Problem statement: Transcribe the records below word for word, beginning with the first line and stopping after the line that contains "Plant next to"; pictures are not part of the copy.

________________________________________

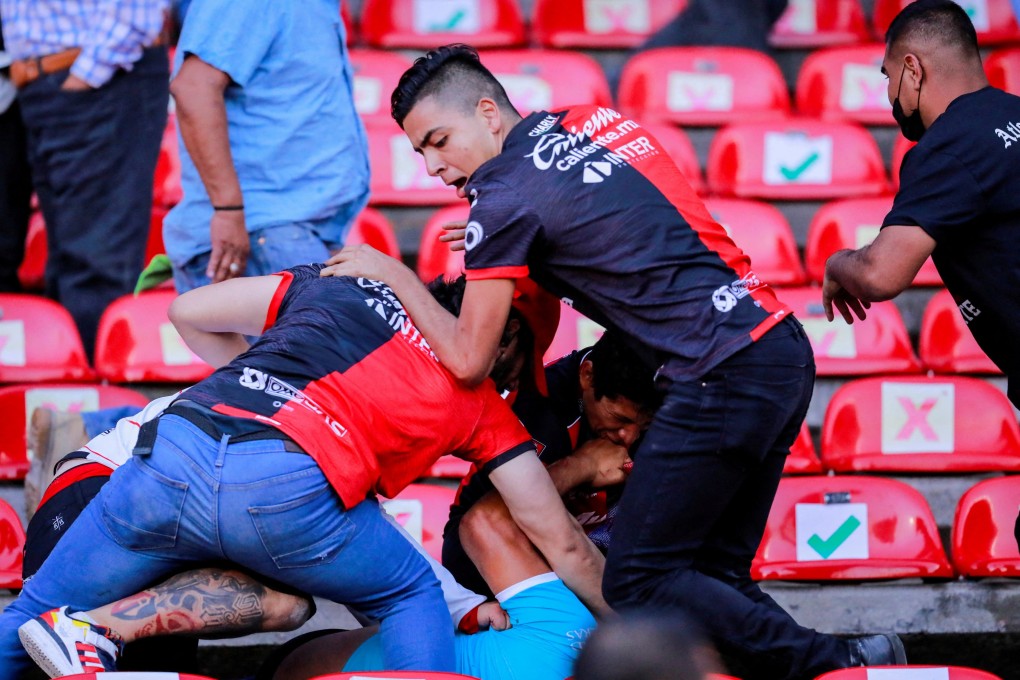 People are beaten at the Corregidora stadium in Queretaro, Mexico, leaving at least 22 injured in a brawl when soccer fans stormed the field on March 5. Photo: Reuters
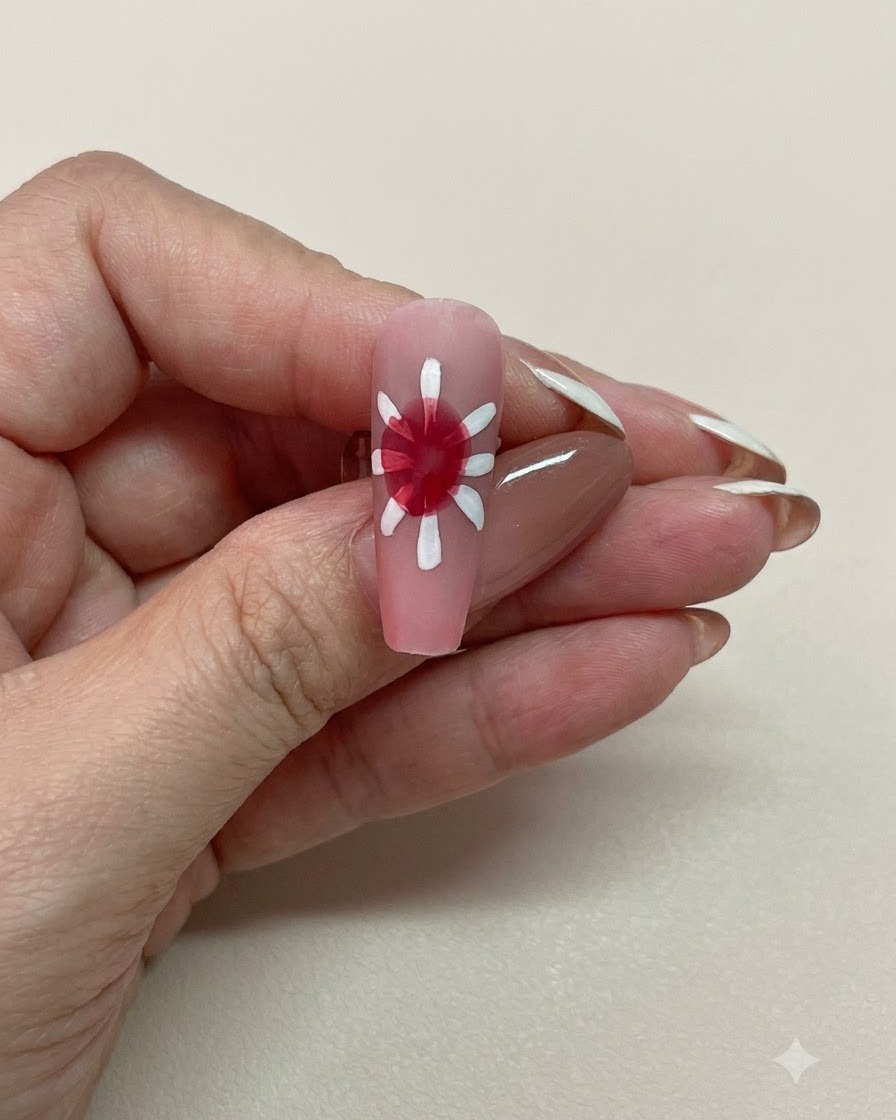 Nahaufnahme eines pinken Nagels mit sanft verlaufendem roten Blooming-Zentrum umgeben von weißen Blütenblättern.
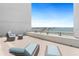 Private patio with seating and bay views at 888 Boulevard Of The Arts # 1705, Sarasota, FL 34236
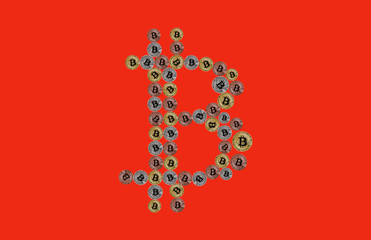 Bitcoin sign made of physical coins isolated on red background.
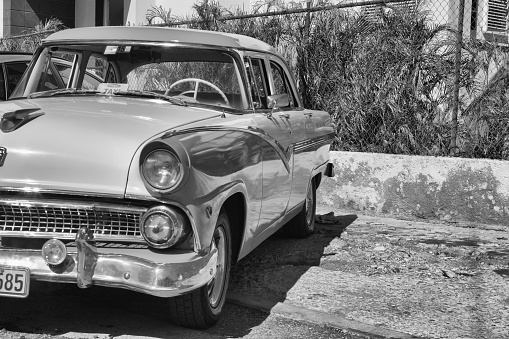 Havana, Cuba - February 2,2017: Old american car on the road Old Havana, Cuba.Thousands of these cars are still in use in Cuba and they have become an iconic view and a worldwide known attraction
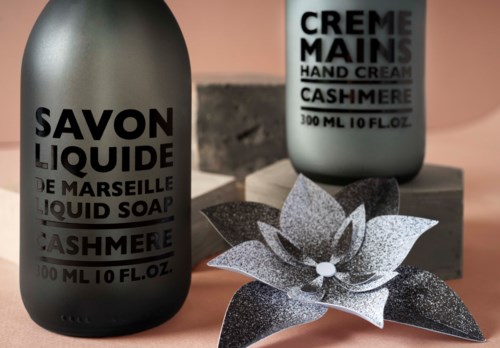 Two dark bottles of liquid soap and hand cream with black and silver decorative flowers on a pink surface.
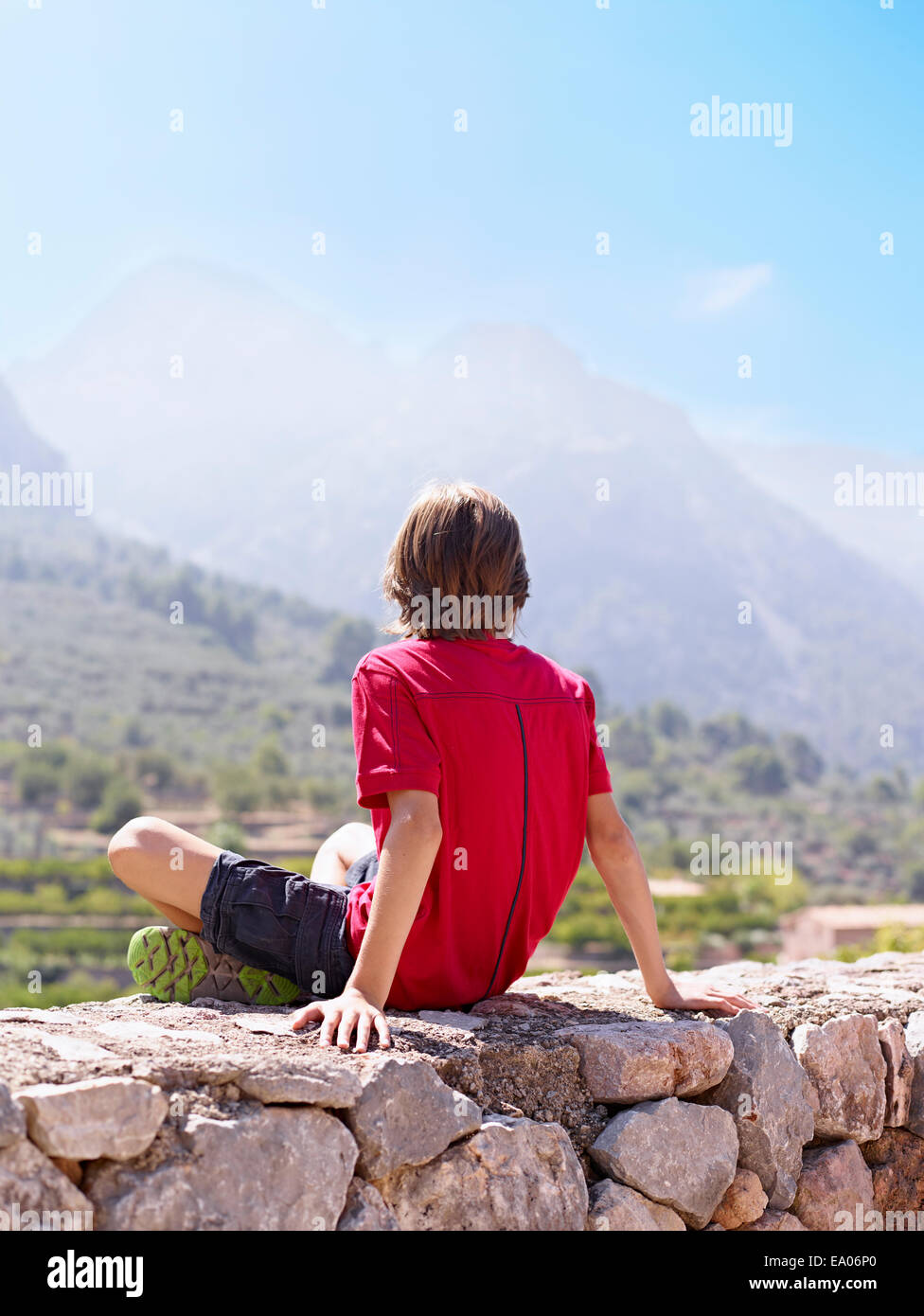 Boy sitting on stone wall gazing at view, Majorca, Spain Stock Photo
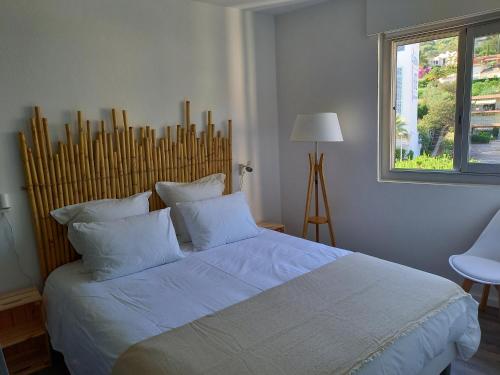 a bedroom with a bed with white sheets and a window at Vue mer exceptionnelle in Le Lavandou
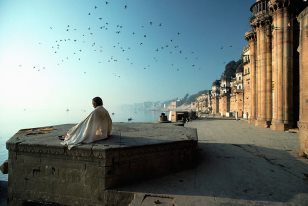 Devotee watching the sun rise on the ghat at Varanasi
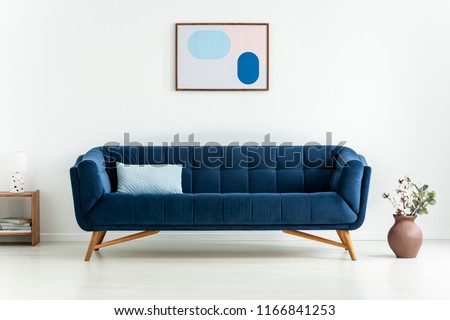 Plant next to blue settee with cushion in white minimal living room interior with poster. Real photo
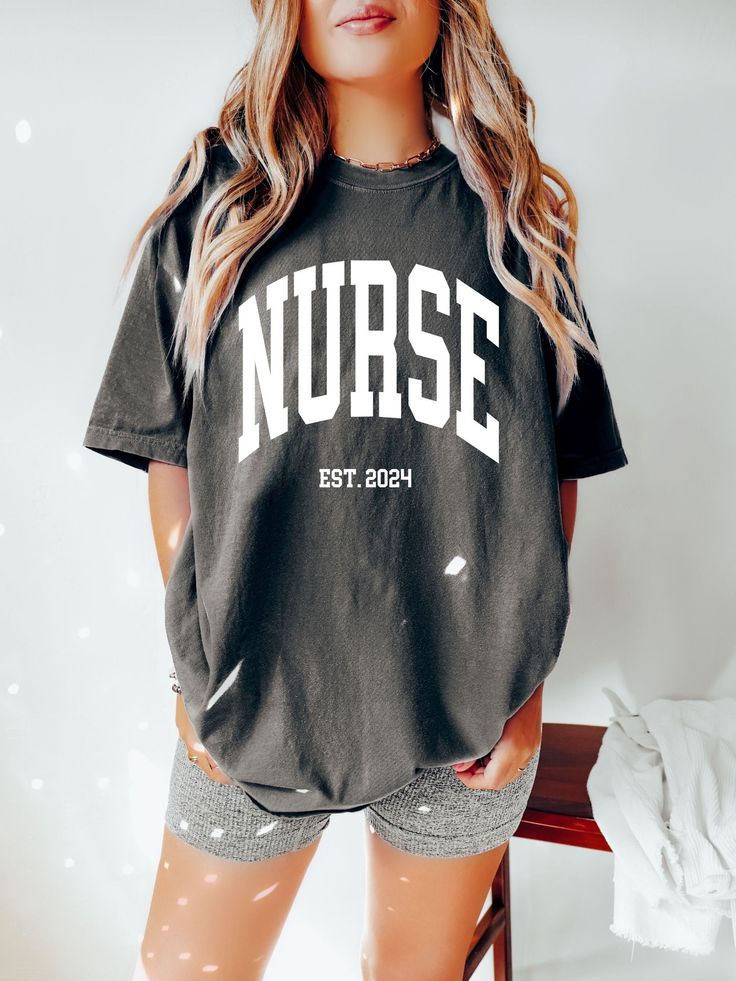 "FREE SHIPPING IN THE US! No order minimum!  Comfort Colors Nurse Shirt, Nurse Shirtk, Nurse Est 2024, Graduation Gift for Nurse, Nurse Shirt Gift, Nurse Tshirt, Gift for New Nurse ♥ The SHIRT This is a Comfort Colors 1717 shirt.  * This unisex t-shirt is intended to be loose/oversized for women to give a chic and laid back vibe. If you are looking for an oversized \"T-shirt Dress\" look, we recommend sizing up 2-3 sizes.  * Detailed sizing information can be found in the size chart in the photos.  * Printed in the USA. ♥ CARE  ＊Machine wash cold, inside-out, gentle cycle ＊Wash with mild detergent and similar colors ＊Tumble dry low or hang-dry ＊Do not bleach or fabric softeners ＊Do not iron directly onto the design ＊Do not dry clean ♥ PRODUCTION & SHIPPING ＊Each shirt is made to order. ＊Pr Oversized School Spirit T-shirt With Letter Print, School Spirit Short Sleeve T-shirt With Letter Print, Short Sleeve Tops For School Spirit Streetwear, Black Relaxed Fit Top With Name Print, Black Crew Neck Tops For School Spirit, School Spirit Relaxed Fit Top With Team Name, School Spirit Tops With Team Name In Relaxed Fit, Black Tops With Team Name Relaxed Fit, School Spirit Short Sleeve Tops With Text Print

________________________________________

Output of the task:
 People are beaten at the Corregidora stadium in Queretaro, Mexico, leaving at least 22 injured in a brawl when soccer fans stormed the field on March 5. Photo: Reuters
 Nahaufnahme eines pinken Nagels mit sanft verlaufendem roten Blooming-Zentrum umgeben von weißen Blütenblättern.
 Private patio with seating and bay views at 888 Boulevard Of The Arts # 1705, Sarasota, FL 34236
 Bitcoin sign made of physical coins isolated on red background.
 Havana, Cuba - February 2,2017: Old american car on the road Old Havana, Cuba.Thousands of these cars are still in use in Cuba and they have become an iconic view and a worldwide known attraction
 Two dark bottles of liquid soap and hand cream with black and silver decorative flowers on a pink surface.
 Boy sitting on stone wall gazing at view, Majorca, Spain Stock Photo
 a bedroom with a bed with white sheets and a window at Vue mer exceptionnelle in Le Lavandou
 Devotee watching the sun rise on the ghat at Varanasi
 Plant next to blue settee with cushion in white minimal living room interior with poster. Real photo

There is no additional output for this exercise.